Rüstig legte Hurtig Hand an, gab die nöthigen Anweisungen und brachte mit Hilfe Herrn Seagrave's und Juno's in kurzer Zeit ein Zelt zu Stande, das gar nicht schöner und praktischer sein konnte.

»Na, nun will ich aber fort,« sagte er, als das Werk geschehen war. »Schneiden Sie, bis ich wiederkomme, ein Paar tüchtige Pflöcke aus dem Strauchwerk da, schlagen Sie sie in den Boden ein, binden das Segeltuch daran fest und werfen endlich einige Schaufeln Erde auf den Rand des Zeltes. Es wird dann wohl hinreichend schließen, bis wir es vollends fertig machen können. Behalten Sie auch mein Messer da, wenn Sie etwa keins mitgenommen haben.«

»Ich will mir alle mögliche Mühe geben,« erwiederte Herr Seagrave, »und denke, es wird gelingen, wenn Juno die Zeltenden straff ziehen hilft.«

»Gewiß geht es gut,« bestätigte Robinson Hurtig. »Wenn Sie fertig sind und Juno nicht mehr gebrauchen, kann diese mit einer Schaufel den Boden des Zeltes ebnen, die Erde ein wenig feststampfen und die abgefallenen alten Kokosblätter hinauswerfen.
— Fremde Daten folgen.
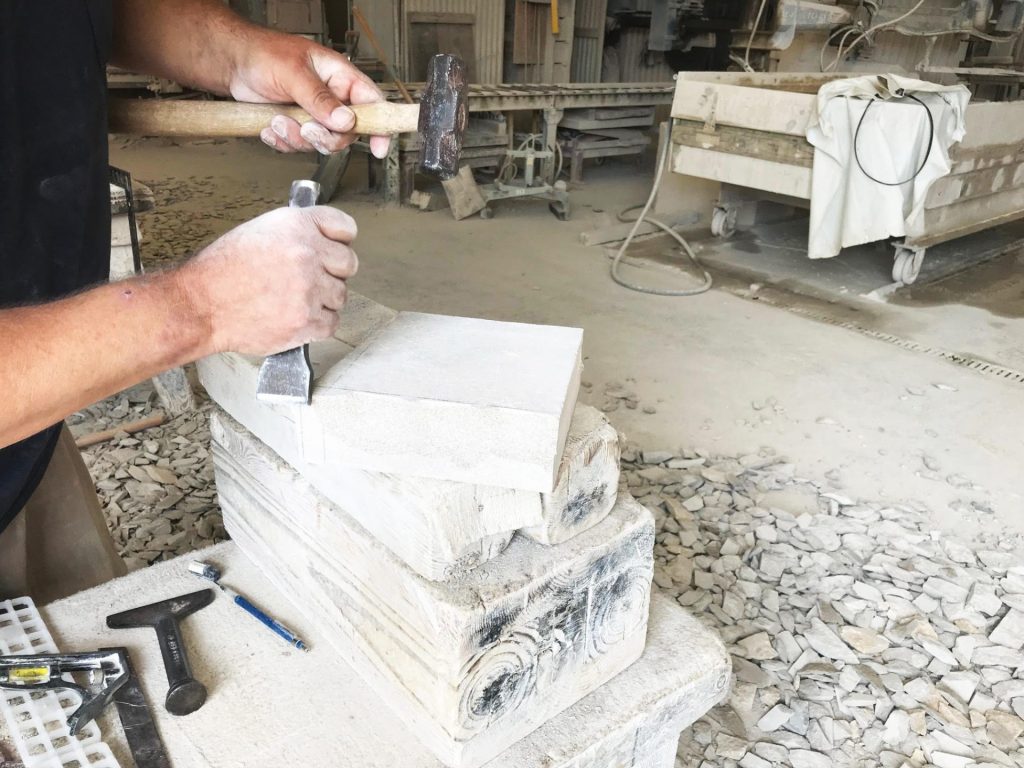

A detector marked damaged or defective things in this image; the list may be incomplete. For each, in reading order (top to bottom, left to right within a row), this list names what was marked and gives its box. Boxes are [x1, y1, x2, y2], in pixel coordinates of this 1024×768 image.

rusty hammer head [415, 54, 468, 180]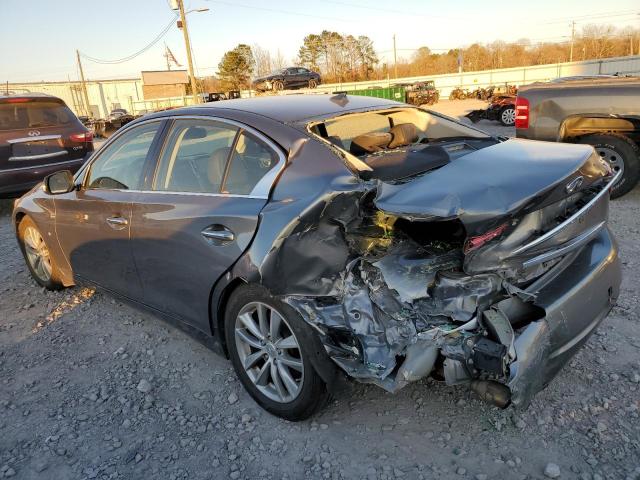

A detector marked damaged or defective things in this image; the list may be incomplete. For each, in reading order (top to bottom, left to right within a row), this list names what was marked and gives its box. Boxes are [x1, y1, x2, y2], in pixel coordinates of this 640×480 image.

gray damaged sedan [13, 94, 620, 420]
broken tail light lens [462, 223, 508, 255]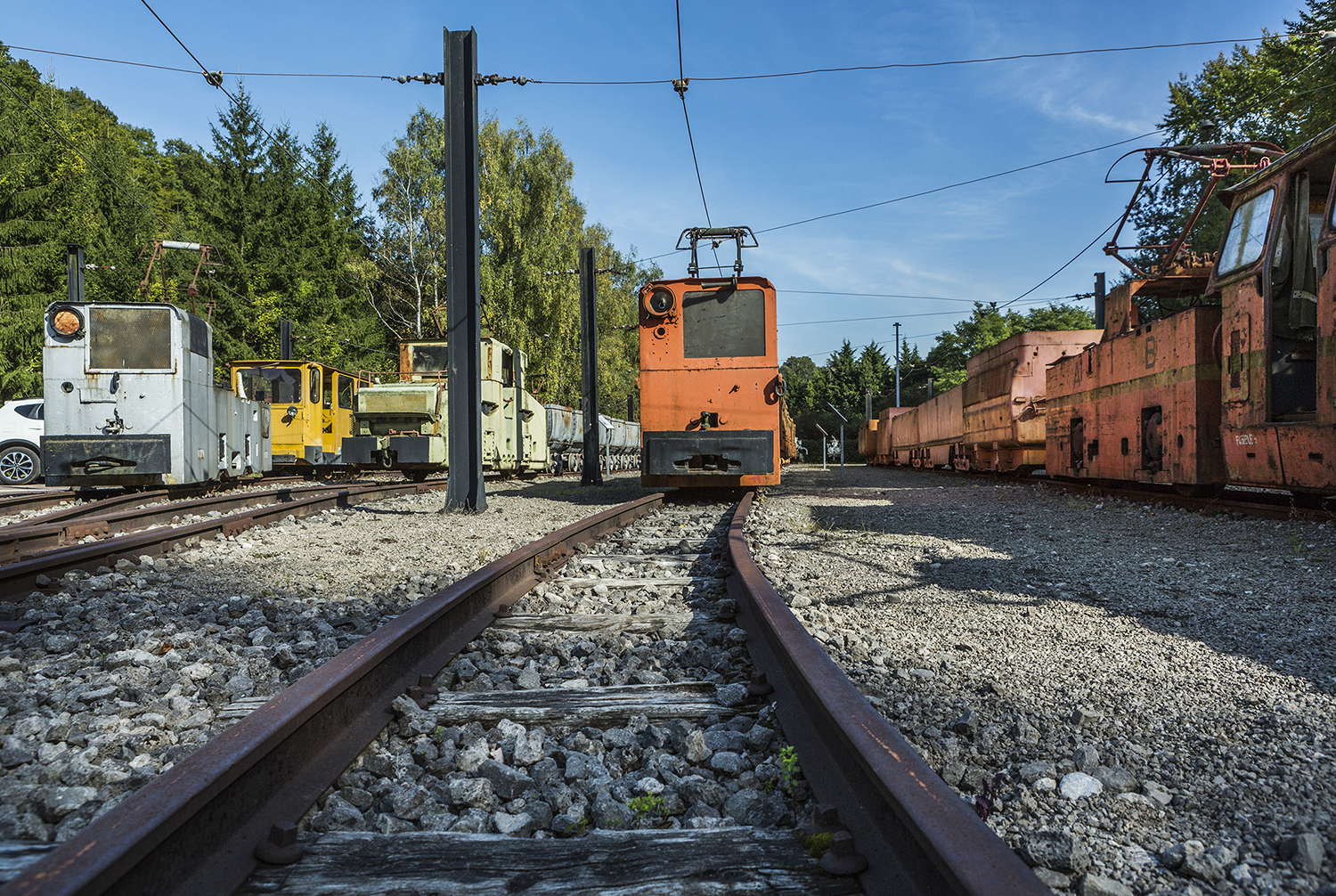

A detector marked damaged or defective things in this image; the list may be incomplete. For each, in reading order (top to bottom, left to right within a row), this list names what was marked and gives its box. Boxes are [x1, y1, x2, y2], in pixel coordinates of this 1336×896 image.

rusted metal wagon body [639, 228, 780, 485]
rusted metal wagon body [967, 327, 1101, 469]
rusted metal wagon body [1047, 279, 1224, 491]
rusted metal wagon body [1208, 126, 1336, 496]
rusty steel rail [0, 480, 452, 598]
rusty steel rail [0, 493, 665, 892]
rusty steel rail [727, 491, 1047, 896]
Nimm dich aber bei diesem Geschäft in Acht, Juno, denn es steckt zuweilen giftiges Ungeziefer in dem Laube.«

»Du, mein Bürschchen aber,« wendete er sich zu Tommy, »sei hübsch artig, verstehst du? Rühre mir auch die Aexte nicht an, denn sie könnten dich schneiden, wenn du es thust, und vor allen Dingen laufe mir nicht in den Wald hinein, weil du dich nimmermehr zurecht finden könntest. Und nun, Herr Seagrave, noch eins. Sollte irgend Etwas geschehen, wobei Sie meines Beistandes bedürfen, so feuern Sie die Flinte los und ich werde augenblicklich an's Land eilen. Uebrigens ist kaum Etwas zu befürchten, da Alles ringsumher still und ruhig, wie ausgestorben erscheint. Und nun endlich, leben Sie wohl.«

Schnell ging er von dannen, begab sich an den Strand hinab, bestieg das Boot und trieb dasselbe mit mächtigen Ruderschlägen dem nahen Wracke zu.